Belly might not have a job or a place to live or a legal right to stay in Paris, but she does have a ready-made group of friends and a nightmare of her own making back home. I wouldn’t get on the return flight either. And if she had any idea of how depressing it is back there, staying in Paris would not even be a question. Well, Taylor and Steven have gotten back together, and that’s happy for them, but I’m pretty sure that is a movie Belly has seen at least a hundred times before.

Jeremiah is drunk, angry, and sad. (“Wake me up if she comes back.”) Later, he is hungover, sad, and angry. (“Just don’t fucking call me again.”) What Jeremiah really needs right now is a hug, but Taylor and Steven are doing their best with tough love and diligently protecting him from his own phone. Jeremiah says Belly is his whole life, Taylor says that doesn’t sound super healthy, babe! Whatever, he’s going back to bed to weep into his camera roll of Belly photos.

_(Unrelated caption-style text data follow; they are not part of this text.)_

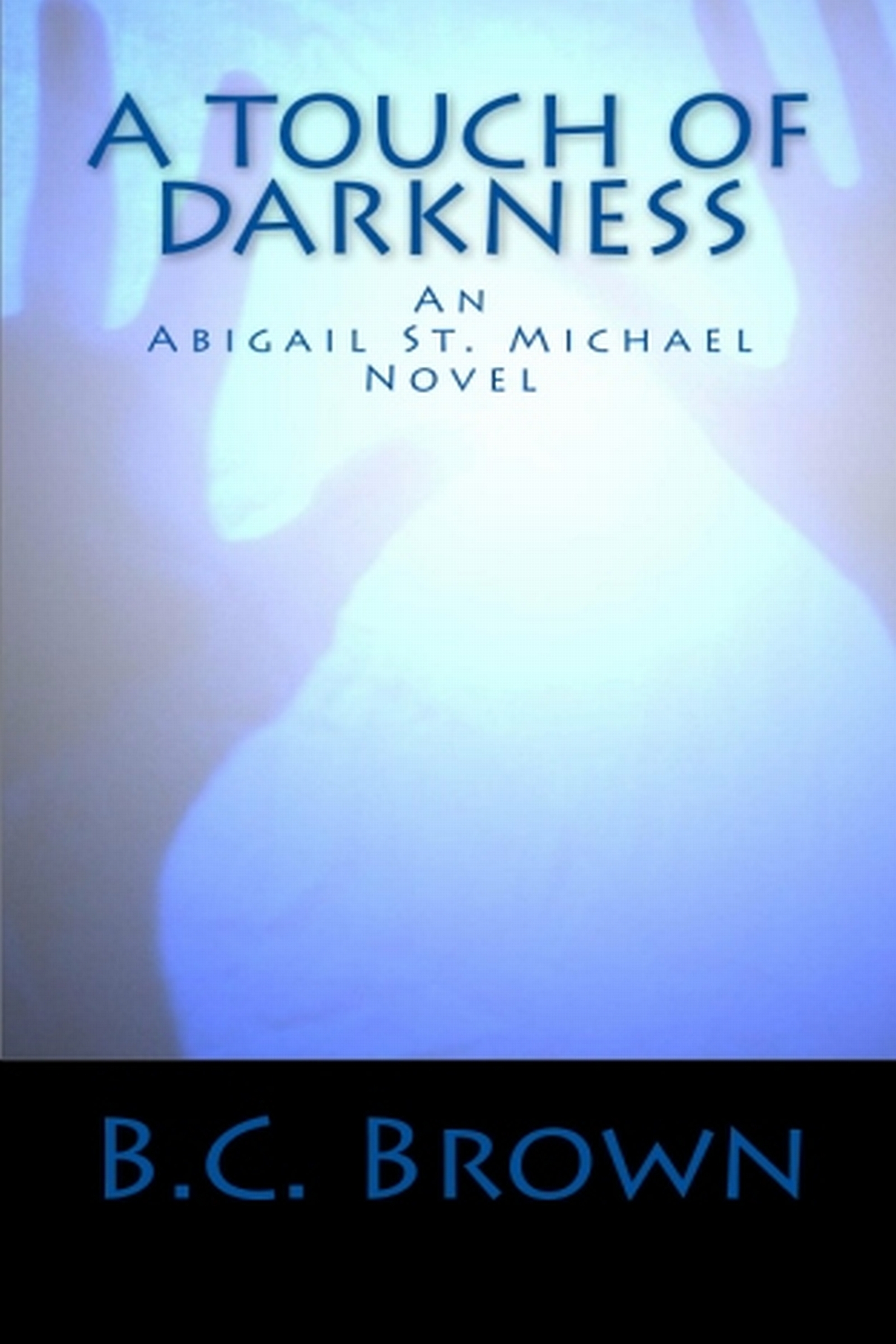 A Touch of Darkness by B.C. Brown Goodreads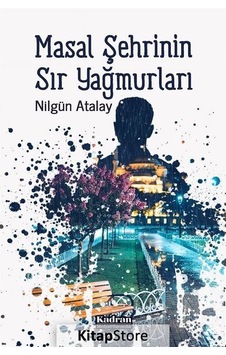 Masal Şehrinin Sır Yağmurları - Nilgün Atalay - Kadran Medya&Yayıncılık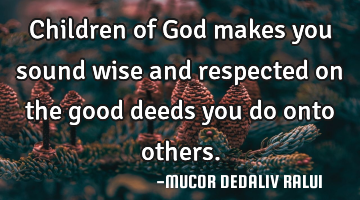 Children of God makes you sound wise and respected on the good deeds you do onto others.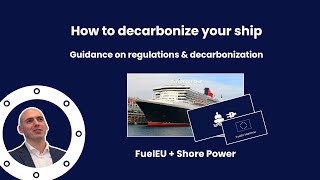 How to decarbonize your ship - FuelEU + Shore Power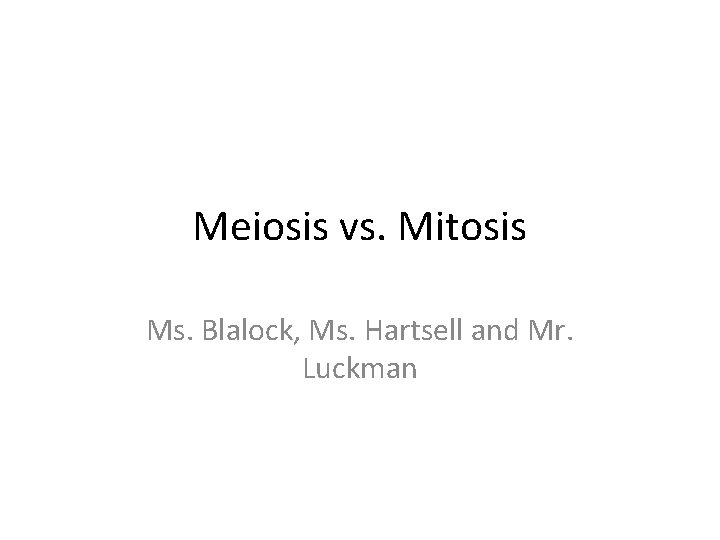 Meiosis vs. Mitosis Ms. Blalock, Ms. Hartsell and Mr. Luckman 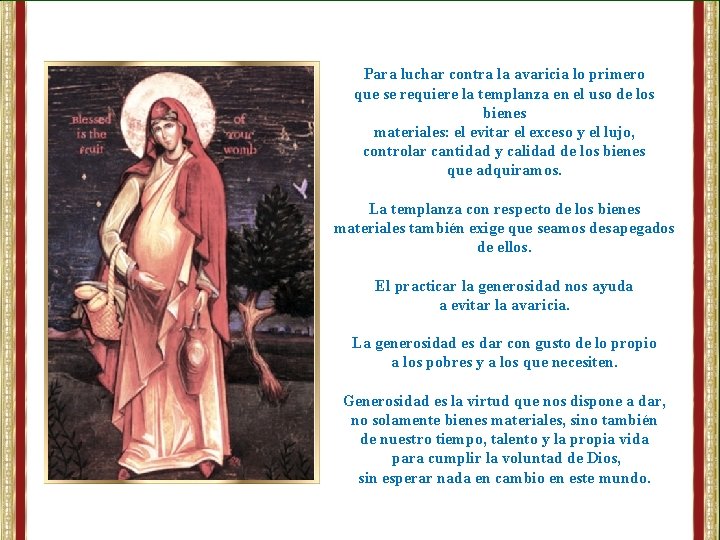 Para luchar contra la avaricia lo primero que se requiere la templanza en el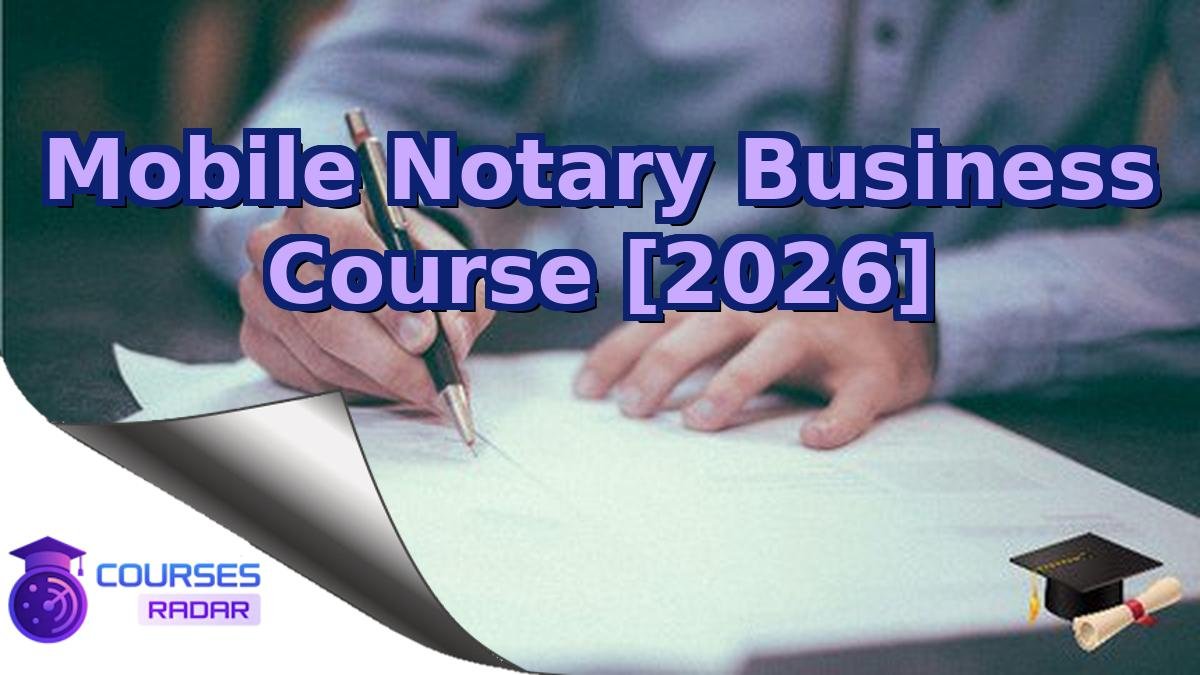Mobile Notary Business Course [2026]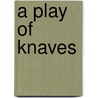 A Play of Knaves door Margaret Frazer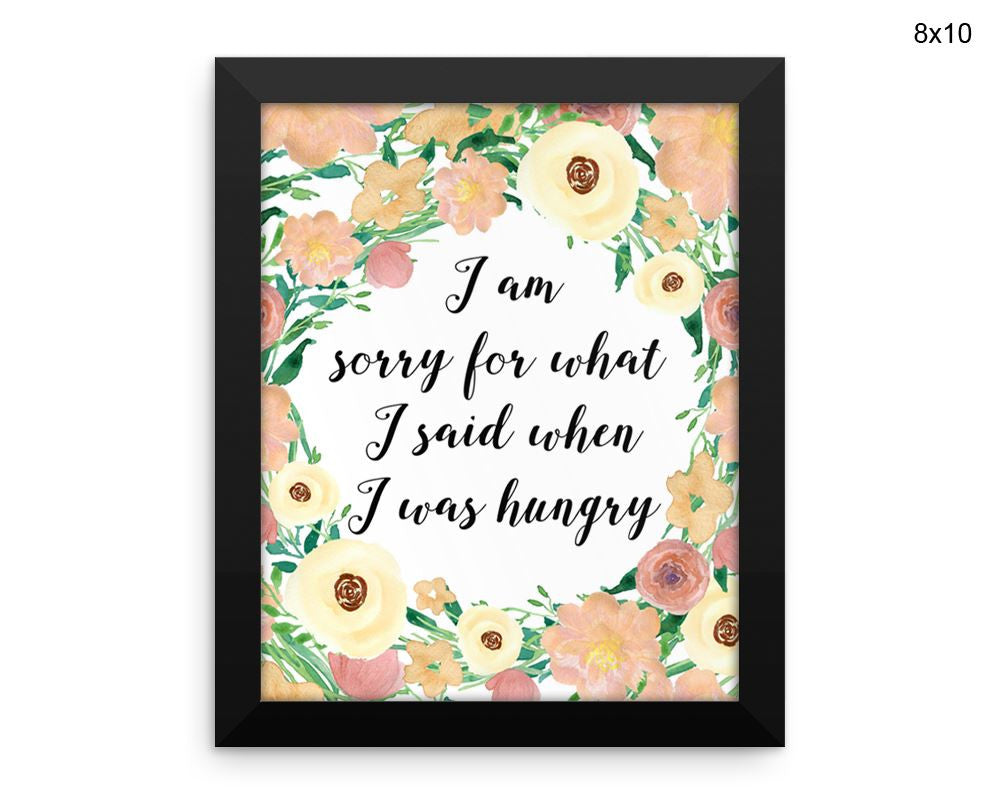 Hungry Sorry Print, Beautiful Wall Art with Frame and Canvas options available  Decor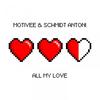 All My Love (Extended Mix) - Motivee&Schmidt Antoni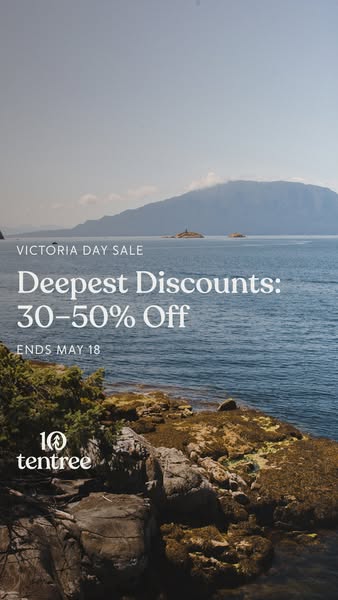 This Tentree ad promotes their Victoria Day sale with discounts ranging from 30-50% off. The sale ends May 18.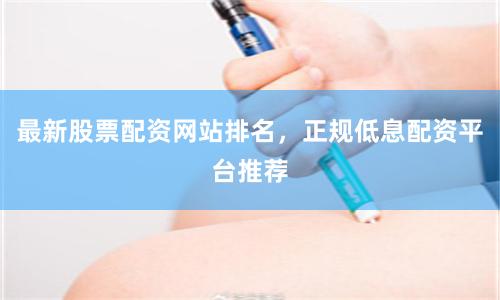 最新股票配资网站排名，正规低息配资平台推荐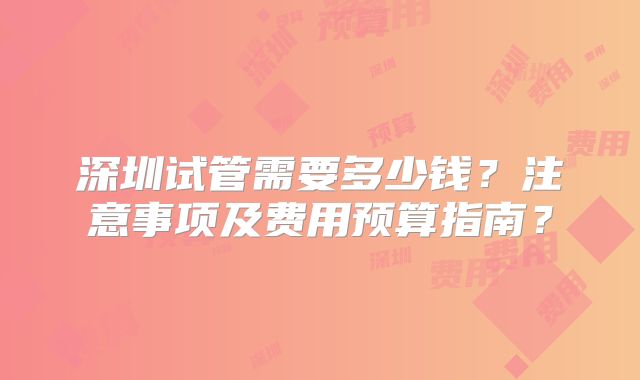 深圳试管需要多少钱?注意事项及费用预算指南?
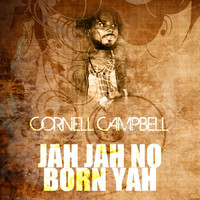 Cornell Campbell - Jah Jah No Born Yah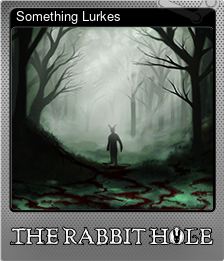 Series 1 - Card 5 of 5 - Something Lurkes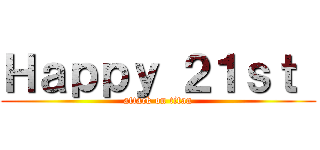 Ｈａｐｐｙ ２１ｓｔ  (attack on titan)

Conrad is trapped in a prison of his own guilt and must be told to fuck off an additional four times. It’s like some spell. Hearing from Dick Dad about the aborted wedding, Conrad’s first thought is that Jeremiah needs him, which sets the curse in motion. It can only be undone if Conrad hears four fuck offs within 24 hours. First, Taylor tells him, “You are not what he needs right now.” Conrad nods, pretending to listen, then goes directly home to pick up some of Jeremiah’s clothes. Second, Steven tells him, “Leave him alone!” amidst other choice expletives and rebukes. Third, Conrad runs into Jeremiah himself in the kitchen. Belly has just told Jere that she plans to stay in Paris, so you can guess his mood. Jeremiah takes a deep breath and says, “You know what Conrad? I forgive you. You do belong with Belly, so go get her!” Just kidding, of course, he didn’t say that. That would be psychotic. Jeremiah still very much hates Conrad and happily tells him that Belly is staying in Paris, so they both got dumped basically. In summary, Jere wants Conrad to get the fuck out and never speak to him again. (That’s three.)

At the end of the day, who better than Dick Dad to teach Conrad the value of knowing where you aren’t wanted? Let me tell you, Dick Dad really came through today. Near the end of the episode, Conrad gives his father a full confession. Certainly a fuller confession than anything he’s said to Steven, Taylor, Jeremiah, or Belly. It’s all my fault, Conrad says. He broke Jeremiah, and the worst part is that this is what he wanted all along. He wanted Belly to call off the wedding. Dick Dad is like, Let me tell you a little something about being a dick who everyone hates. Sometimes the best thing you can do for a person is to give them space, and Dick Dad would know. The fourth fuck off is the charm, and this actually seems to resonate.

Of course, odds are good that Conrad decides to fuck off to Paris, which will do nothing to improve his relationship with his brother. Some of his other relationships, however…

Good Luck, Babe

• “Fuck it, let’s be assholes” is an excellent alternative title for this show.

• Jeremiah’s hangovers are particular and will only respond to red Gatorade.

• I cannot believe Dick Dad is the first person to hug Jeremiah all day.

• Steven and Taylor agree that they look positively functional in comparison to this triangle, and they’re correct.

• Still can’t believe we put Denise through all of that just to end exactly where we started, though.

• How is the name “Antonin” the only thing Belly can pronounce correctly in French?

• This show gets a lot of things wrong (why does it seem to be the same time in Paris as in Massachusetts, for instance), but the guy at Charles de Gaulle customs is painfully accurate.

 Belly, like any reasonable person in their early twenties, finds out the best thing to do after a breakup is to leave the country.